Floods are caused by many factors: heavy precipitation, severe winds over water, unusual high tides, tsunamis, or failure of dams, levels, retention ponds, or other structures that contained the water.
Periodic floods occur on many rivers, forming a surrounding region known as the flood plain.
During times of rain or snow, some of the water is retained in ponds or soil, some is absorbed by grass and vegetation, some evaporates, and the rest travels over the land as surface runoff. Floods occur when ponds, lakes, riverbeds, soil, and vegetation cannot absorb all the water. Water then runs off the land in quantities that cannot be carried within stream channels or retained in natural ponds, lakes, and man-made reservoirs. About 30 percent of all precipitation is in the form of runoff small and that amount might be increased by water from melting snow. River flooding is often caused by heavy rain, sometimes increased by melting snow. A flood that rises rapidly, with little or no advance warning, is called a flash flood.

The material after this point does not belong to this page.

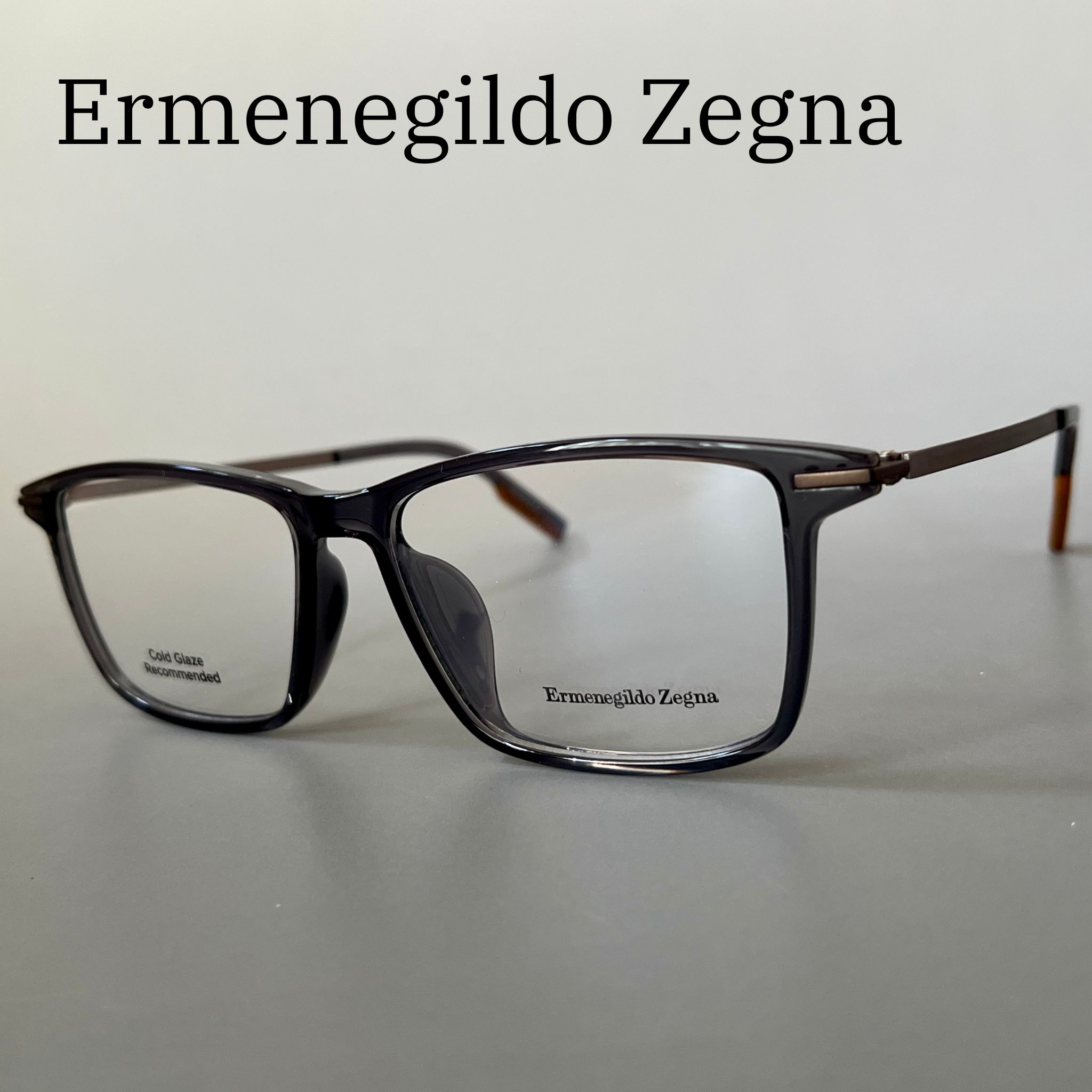 エルメネジルドゼニア 眼鏡 Ermenegildo Zegna ウェリントン EZ5211 メガネ アジアン填まる せつ然たる 薄墨色 新品 イタリア製 今めかしい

Flash floods usually result from intense rainfall over a relatively small area, or if the area was already saturated from previous precipitation.
Severe winds over water
Even when rainfall is relatively light, the shorelines of lakes and bays can be flooded by severe winds—such as during hurricanes—that blow water into the shore areas.
Unusual high tides
Coastal areas are sometimes flooded by unusually high tides, such as spring tides, especially when compounded by high winds and storm surges.
Effects of Floods
Flooding has many impacts. It damages property and endangers the lives of humans and other species. Rapid water runoff causes soil erosion and concomitant sediment deposition elsewhere (such as further downstream or down a coast). The spawning grounds for fish and other wildlife habitats can become polluted or completely destroyed. Some prolonged high floods can delay traffic in areas which lack elevated roadways.